I read every page, every line of this very long book with sustained interest and pleasure. It is a collective biography of four Grenadier Guards officers — Harold Macmillan, Lord Salisbury, Oliver Lyttelton and Harry Crookshank — who, after becoming friends at Eton, and serving together gallantly and bloodily in the trenches of the first world war, went on to play prominent roles on the stage of British politics for the rest of the century, usually as allies in the Conservative party cause but sometimes as rivals or even, towards the end, as enemies.
But as well as being a collective biography it is also a comparative biography, since the four subjects — although they all started at Eton in the same year, 1906 —came from different social backgrounds, Salisbury and Lyttelton from the hereditary aristocracy and Macmillan and Crookshank from the professional middle class. In today’s England it may appear that they were all grandees, but that is not how they saw themselves at the time. Indeed part of the fascination of the book is to note how even the formidably close regimental bonds forged in battle were not strong enough to prevent subtle class distinctions driving them apart, at least initially. While the hereditary aristocrats, Salisbury and Lyttelton, gained immediate preferment in the Conservative party, Macmillan and Crookshank, as they were quick to notice, had a far harder struggle. Even so, the shared memory of the trenches was never entirely extinguished and one of the many achievements of this book is the way the author delicately plays on this note without ever pressing too hard upon the pedal.
Only once — and quite justifiably — does the author put his foot down with a bang. This happens after he has recounted a lunch at the Turf Club in the middle of the second world war from which Harry Crookshank, then a Tory MP, is summoned to take a telephone call. Mr Churchill is on the line asking him to become Minister of Works, an unglamorous job which nobody wanted. Crookshank turned it down, and in order to tempt him to accept Churchill offers him a hereditary peerage — an act of crass insensitivity because Crookshank, as was by then well known in high Tory circles, had had his balls blown off in the trenches. ‘Of what possible use could a hereditary peerage be to a castrato?’ asks Mr Ball.
Essentially, however, this is a book about a race for power and glory, in which four thoroughbred horses come to the starting point at the same time; a race in which two, Salisbury and Lyttelton, take the lead early on but in which Macmillan, a slow and stumbling starter, ends up streaking ahead to become prime minister, leaving Salisbury and Crookshank, in various degrees of discomfiture, very far behind. Only Oliver Lyttelton is relatively unfazed, having already won first prize in the corporate rat-race stakes. Although in the main a collective and comparative biography, this book is also revealing about the great issues of the period — interwar unemployment, appeasement, the conduct of the second world war, the Cold War, Suez etc; revealing because readers get to see these issues from a fresh angle: that of four highly intelligent, highly ambitious and — at least initially — highly idealistic politicians trying to grapple with them in a way which satisfied the demands of both friendship and public duty. It is a grand theme which Ball tells with enormous sureness of touch, doing justice to the complexity both of the issues and of the men.

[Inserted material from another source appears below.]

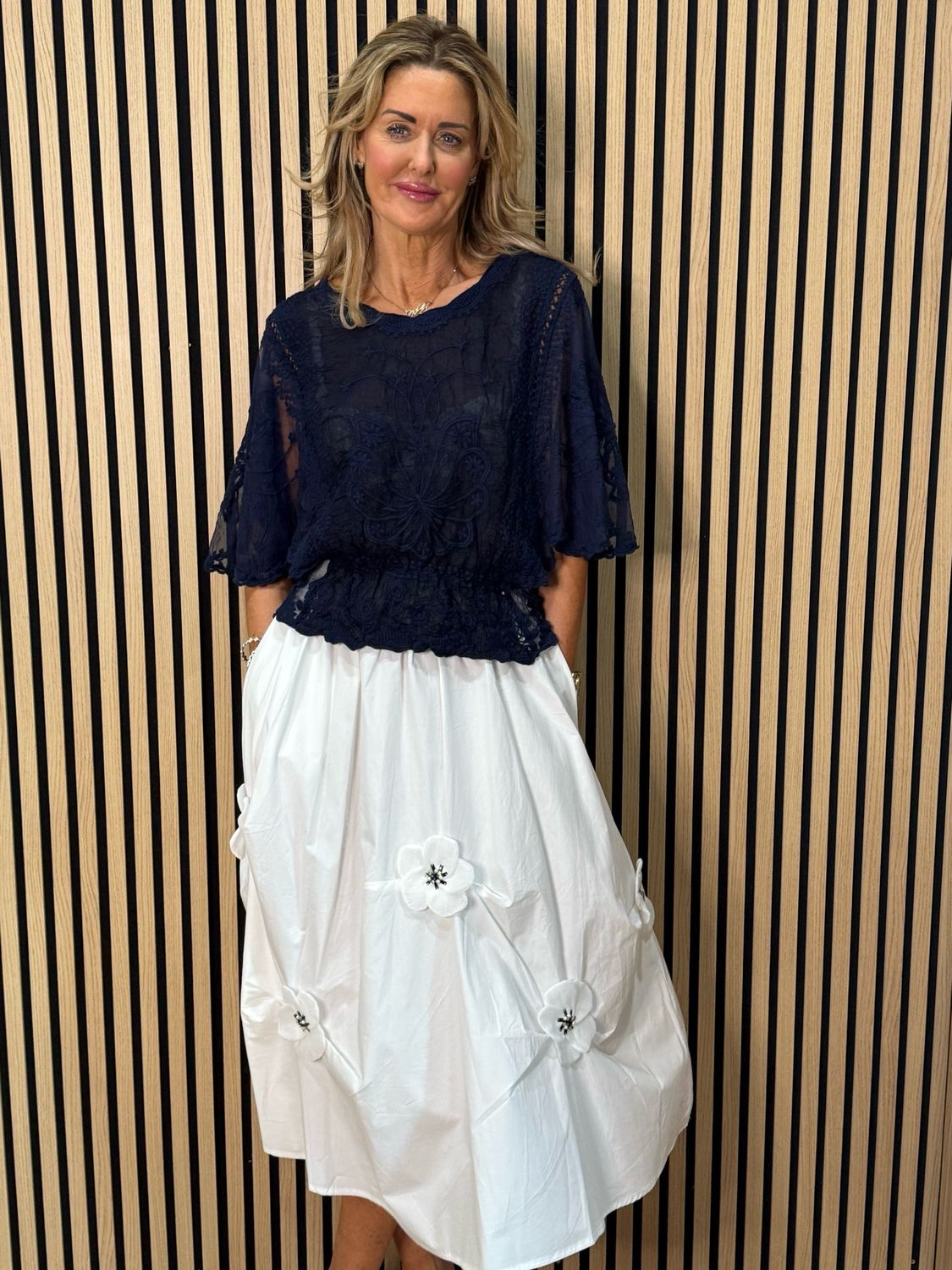 Floral Detail Cotton Midi Skirt - White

But most important of all is the picture that emerges of the winner, Harold Macmillan, who by the end has not only won the race for the power and glory but also for social grandeur, becoming the first Earl of Stockton in his own right. But there is more to it than that. For to begin with, in the days of SuperMac, he managed to give hereditary aristocracy a new lease of life. Under his aegis a whole new generation of middle-class politicians, like Ian Macleod and Reginald Maudling, were only too happy to become part of the old order serving alongside the Duke of Devonshire, Macmillan’s nephew by marriage. It was the Disraeli touch all over again, and the nation loved it. Then Macmillan, struck down by what he thought was prostate cancer, made the fatal mistake of going a step too far by engineering the succession of the 14th Earl of Home, which was rather as if the Conservative old guard in 1940 had succeeded in putting the Earl of Halifax into Downing Street instead of Mr Churchill. It was a blunder — for which the new men, provoked beyond endurance by jealousy, never forgave him — leading indirectly to the disaster of Thatcherite bourgeois triumphalism.
Towards the end of his life Macmillan despaired of friendship in politics. Once at the top, he said, there are ‘only clients’. In his case, however, this was not quite true. For when Harry Crookshank, a lonely and unhappy old man, lay dying, Macmillan, then prime minister, spent many hours at his bedside holding his old friend’s hand. ‘Looking down at his emaciated form,’ Ball writes, ‘the image that kept forming in Macmillan’s mind was of a chubby eight-year-old he had known first at Summer Fields’, the pre-Eton preparatory school where the two had first met. Ball is very fair. Although the nastiness of politics is not ignored, neither is the sentimentality or even the gallantry.
The Guardsmen is a magnificent achievement and if the judges of the next Duff Cooper prize have any sense — a big if — they will look on it with favour. A product of superb scholarship and profound insight and written in a style both incisive and flowing, this is a book for every taste and for the politically minded of every age group. I cannot recommend it too highly.